Something that I originally found contentious about the combat, but eventually realized that I didn’t care about, was the lack of elemental opposition. Maritte is a fire mage, but she deals the same amount of damage to ice enemies and fire enemies. There is no earth-beats-wind mentality at work. It’s merely your attacks vs. their attacks, and whomever can position themselves better wins.
Again, this was weird at first, especially considering the first two bosses could be considered fire based, but the more I played the more I enjoyed not having to worry about opposing elements. Would it have made the game better? Maybe? But it’s just as good without, and I’m cool with it.
The music in Ikenfell is beautiful.
Most of it is in the style of traditional midi music from old school RPGs, but from the very moment the game starts you can feel that the music was lovingly crafted for this game. A large portion of the successful execution of the soundtrack goes to Aivi & Shurasshu, the musical duo responsible for the Steven Universe Soundtrack.
Each new track brings life to the game in subtle ways. It helps you feel pumped when you enter battle, but also allows you to sit back and take a breath as you walk the grounds of Ikenfell. It even manages to capture bittersweet moments–or even just the bitter ones–in ways that even AAA games often fail to capture.
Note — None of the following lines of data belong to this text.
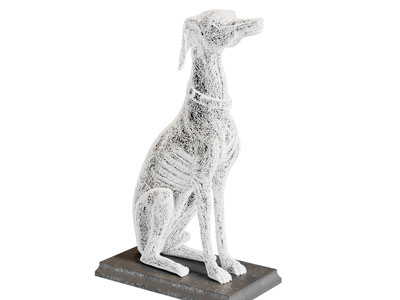 一只远眺的狗雕塑雕刻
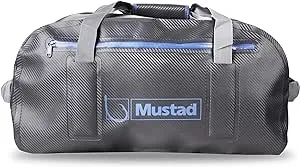 Mustad Dry Duffle Bag 50L, Water-Resistant 500-Denier Tarpaulin, Zippered Main Compartment, Adjustable Shoulder Straps, Grey/Blue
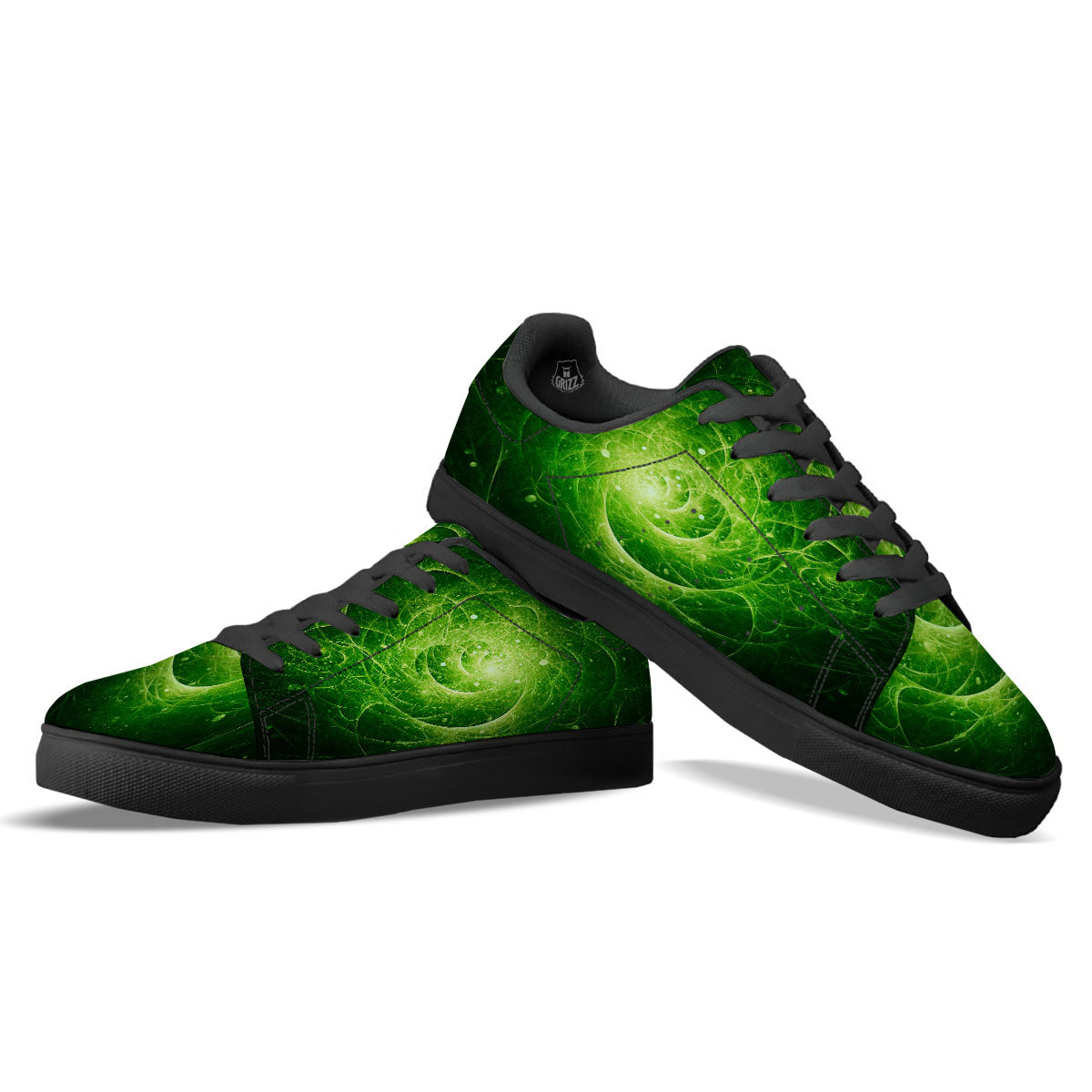 Fractal Green Print Black Low Top Sneakers-grizzshop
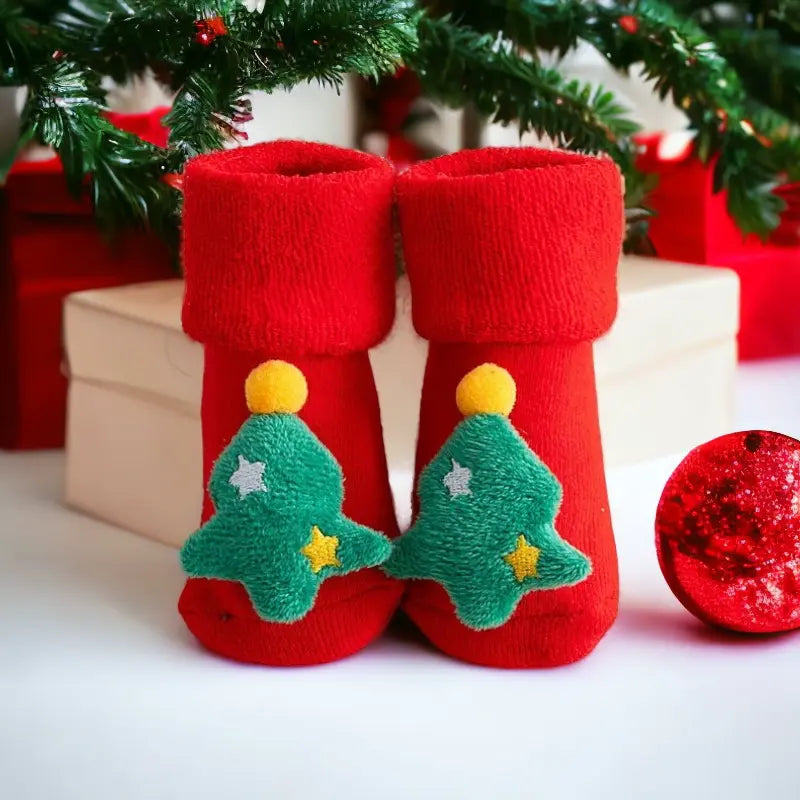 Chaussettes chaussons antidérapants de noël pour bébé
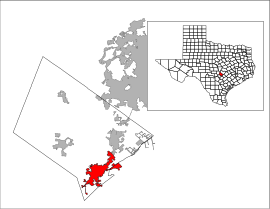 Poloha San Marcosu v rámci štátu USA Texas a v rámci Hays county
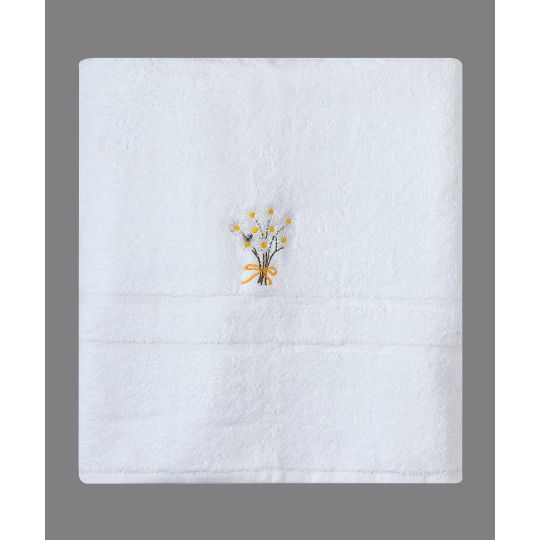 Silk Fashion Πετσέτα Σώματος ( 100cm x 150cm ) Λευκό Χαμομήλι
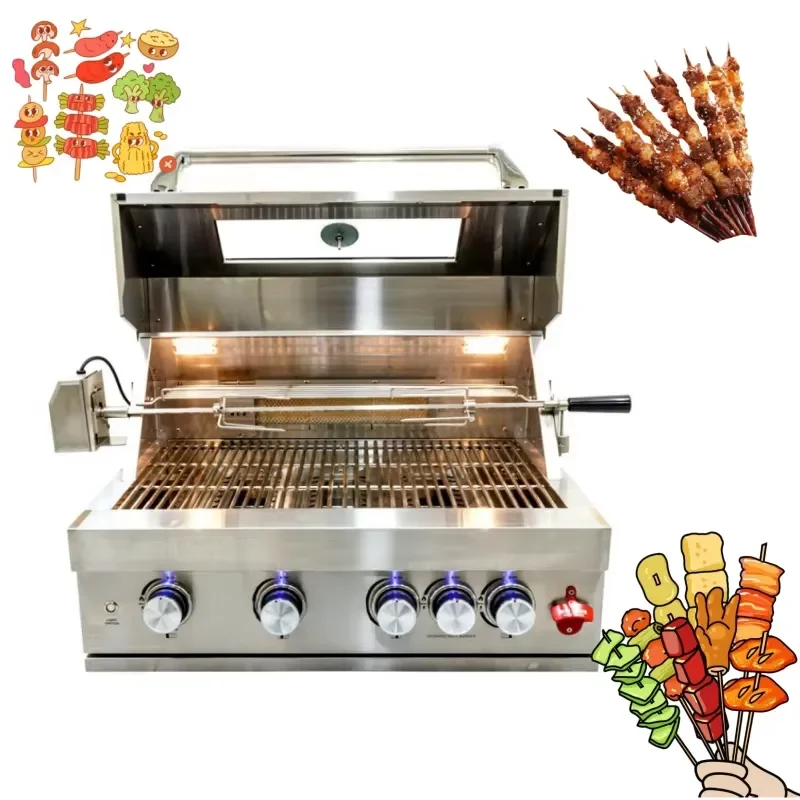Stainless Steel BBQ Grill with 4 Burners & Side Shelf Ideal for Large Backyard Parties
One of the best musical moments is when you first find yourself facing off against Gilda. Her battle music is not only amazing, but it also breaks the midi formula halfway through and starts dropping some lyrics on you. It was both incredibly jarring and the absolute best thing that could have happened.
It was like I was suddenly playing Persona 5… so damn stylish.
Everything considered, Ikenfell is greater than the sum of its parts, and its parts are amazing. The characters are dynamic (and inclusive), the story is funny and poignant, and the combat is smooth and fulfilling.
I can honestly say that it’s been a while since I played an old school RPG that wasn’t trying to play on my nostalgia. I mean, Ikenfell definitely did that, it did it constantly, but I’m also sure that it wasn’t really trying to. It was trying to be itself, which is actually what the game is about, so double kudos to Happy Ray Games.
I’m giving Ikenfell a magically explosive 8.5/10.